There’s a science to this magic, but I’ll keep it brief. The reason why accurate sound reproduction is crucial in games is to make sure no important information is left out. The range of human hearing is similar to perfect eyesight - 20 Hz to 20 kHz. The ideal headphone will reproduce this full range, but without emphasis or loss of a band of frequencies, i.e. too little or too much bass. This concept is called frequency response
. The quality of the driver (speaker) makes a big difference, and with the large 50mm drivers on the Vengeance 1500, you’re able to hear more information without distortion.
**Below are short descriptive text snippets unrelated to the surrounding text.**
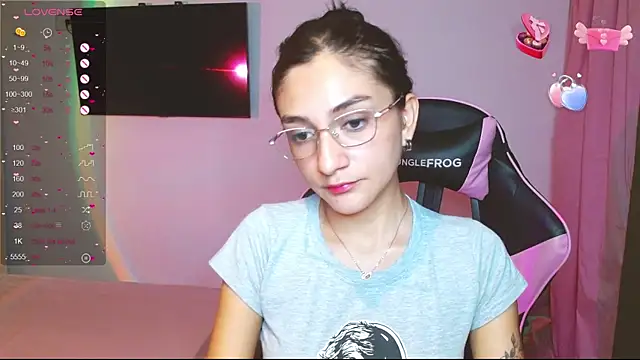 Mei Kelly online show from 02.18.25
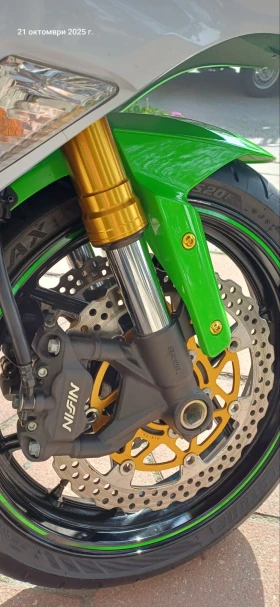 Kawasaki Zxr Ninja Anniversary edition | Mobile.bg    11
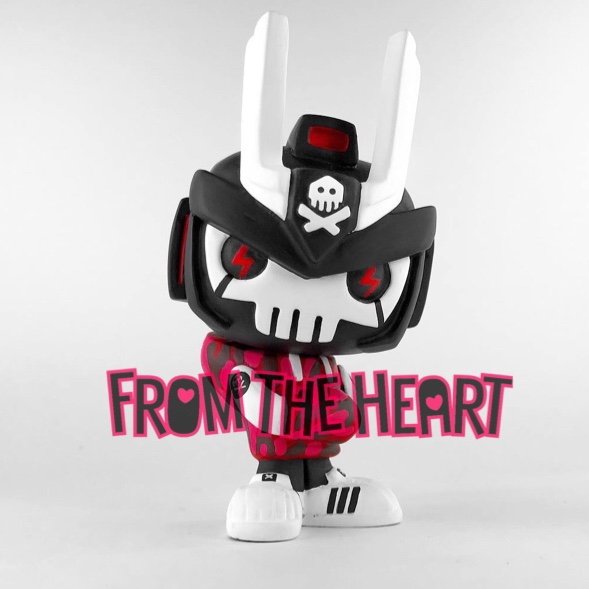 From the Heart logo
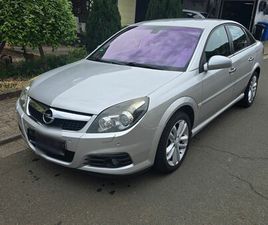 OPEL VECTRA OPC OPEL VECTRA C 2.8 V6 TURBO AUTOMATIK FACELIFT. 250PS, XENON,LEDER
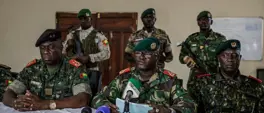 Guinea-Bissau coup: SA calls for 'immediate restoration of legitimate civilian govt' Guinea-Bissau coup: SA calls for 'immediate restoration of legitimate civilian govt'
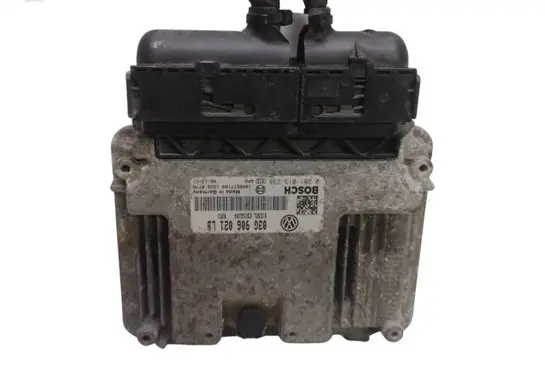 Skoda Octavia Mk2 (1Z) Engine control unit/module 03G906021LB 0281013238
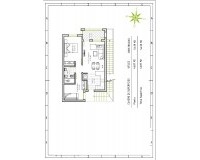 Revente privée - Penthouse - La Florida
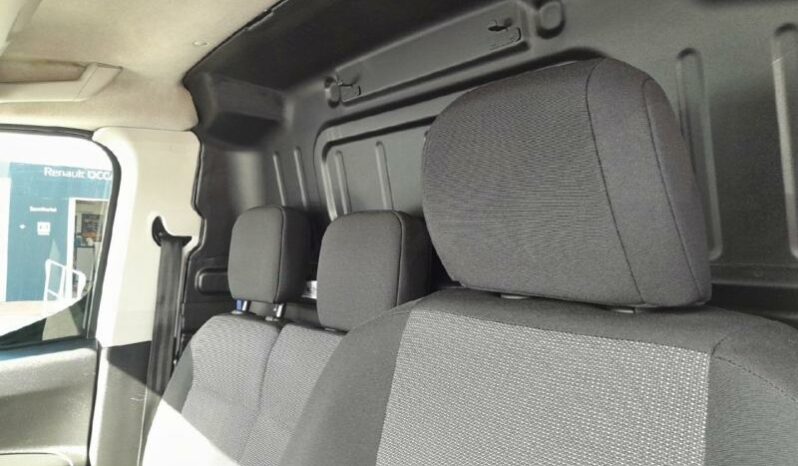 PEUGEOT Partner M 650kg BlueHDi 100ch S&S Cabine Multiflex 3 places Pack Asphalt Connect complet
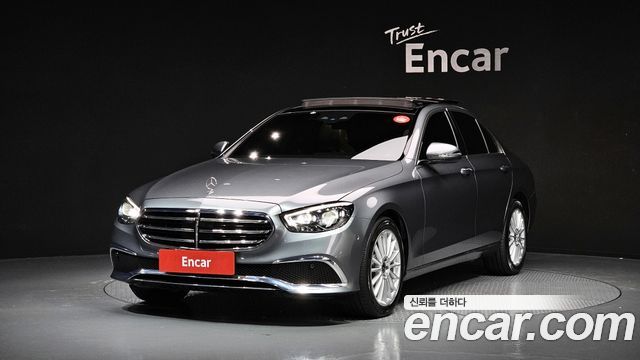 Mercedes-Benz E-Class E250 Exclusive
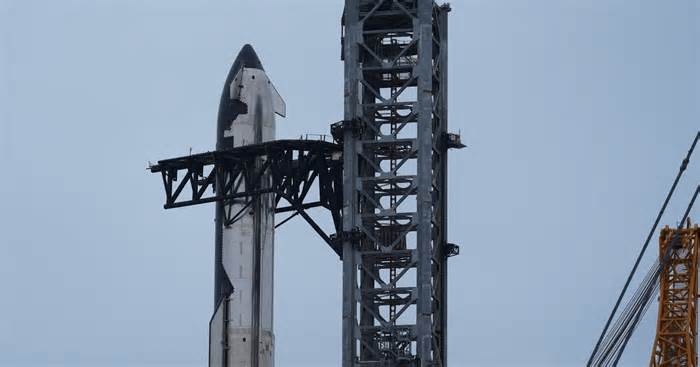 Elon Musk's SpaceX prepares for Starship’s launch in seventh flight test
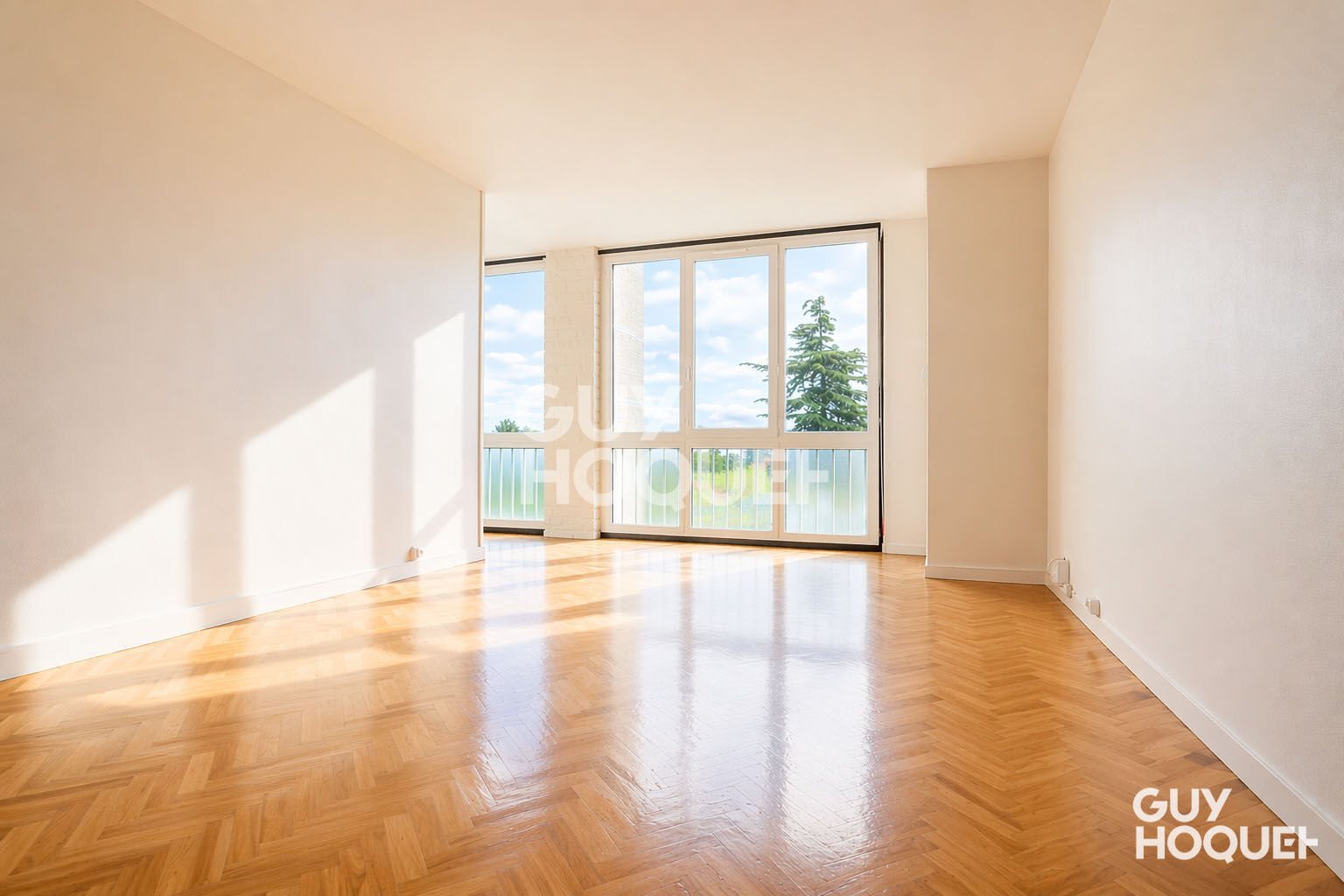Appartement à vendre, 65m², Meudon-la-Forêt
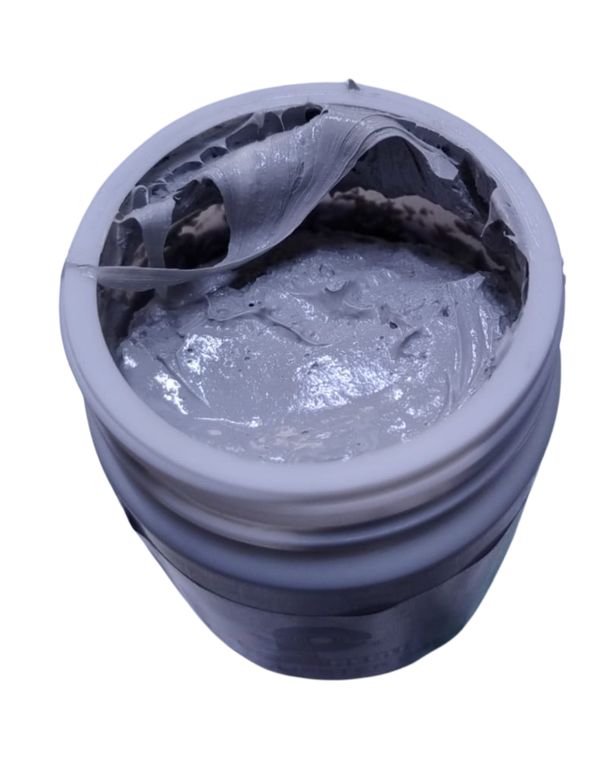 RESINA EPOXICA DE POLIESTER PLATA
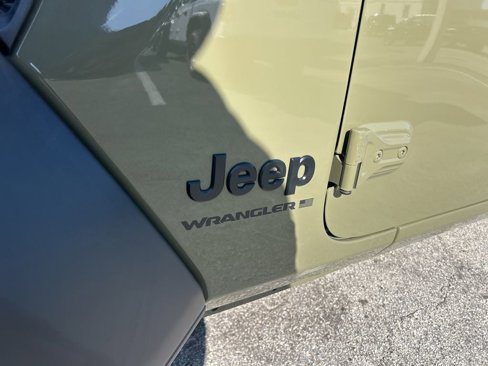 New 2025 Jeep Wrangler Sport S image 19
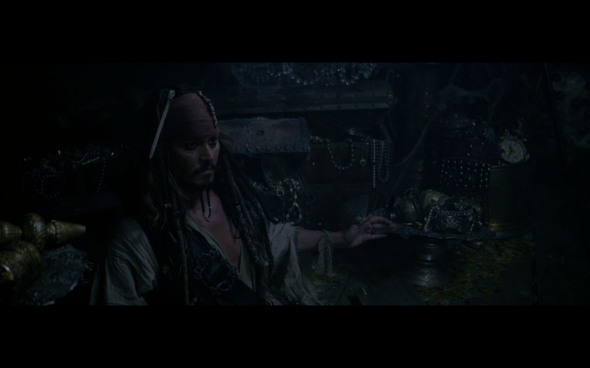 Pirates of the Caribbean On Stranger Tides - 1562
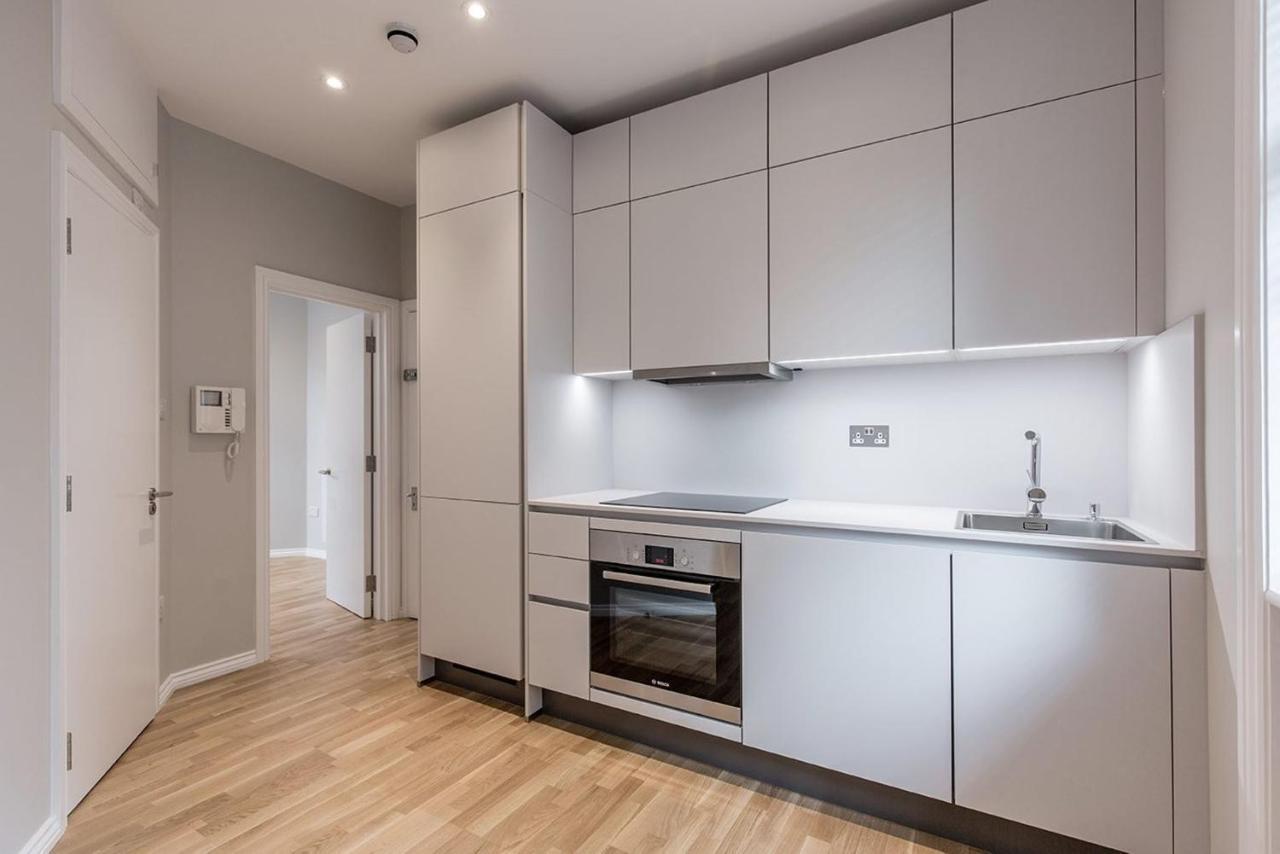Kensington Olympia Apartment, Breakfast Appartamento *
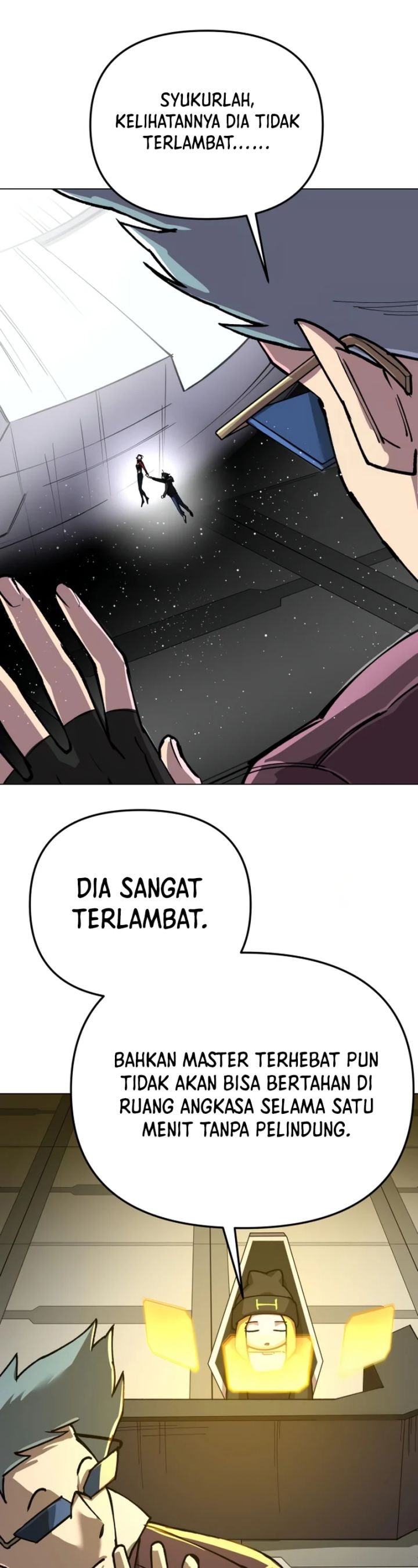 Cosmic Heavenly Demon 3077 - Chapter 6 - Page 10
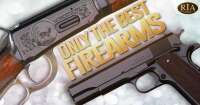 Only the best firearms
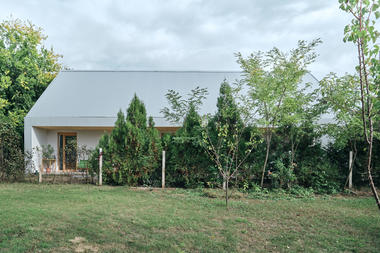 House of Julcsi and Andris / RITTER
As I’ve mentioned at the beginning of the review, this is still a gaming headset, meaning the mid-range frequencies (dialogue, footsteps, and gunshots) are favored over lows (rumbling of tank, distant explosion) and highs (nearby handling/movement, silenced gunshots, whizzing bullets). This may give you a competitive advantage in game, but may not be ideal in case you were expecting to also use these for studio monitoring, such as video and sound editing.
On top is a graphical example of the Corsair Vengeance 1500’s frequency response
, and below is an example of film industry-standard Sony MDR-7506 professional headphones, for comparison. You can see a dip in the tail end of the low range, and ‘bump’ in the mid range, when compared to the nearly flat response of the 7506. Comfort
According to market research in 2010, the average time video gamers spent doing what they do best had risen to 8 hours per week, with specifically PC gamers ‘pwning’ at an average of 6.6 hours per week 
. So it’s good news that the 1500 headset is designed for long periods of wear, however I had mixed feelings about the implementation.
The headphones are keystoned by a large head rest padded with a foam-like material. Unlike other models I’ve tested, which feature rests that only accommodate for the top-most portion of the head, this headrest spans evenly across the entire band. The felt-padded headphone cups are circumaural, meaning they fully engulf my ears when wearing them. Although the phones fit well around my head, the back of my ears sit up against the inner hard plating of the driver shield, which starts to irritate me after more than an hour of use, without a break. This could be because I have large ears, so it may come down to trying it for yourself.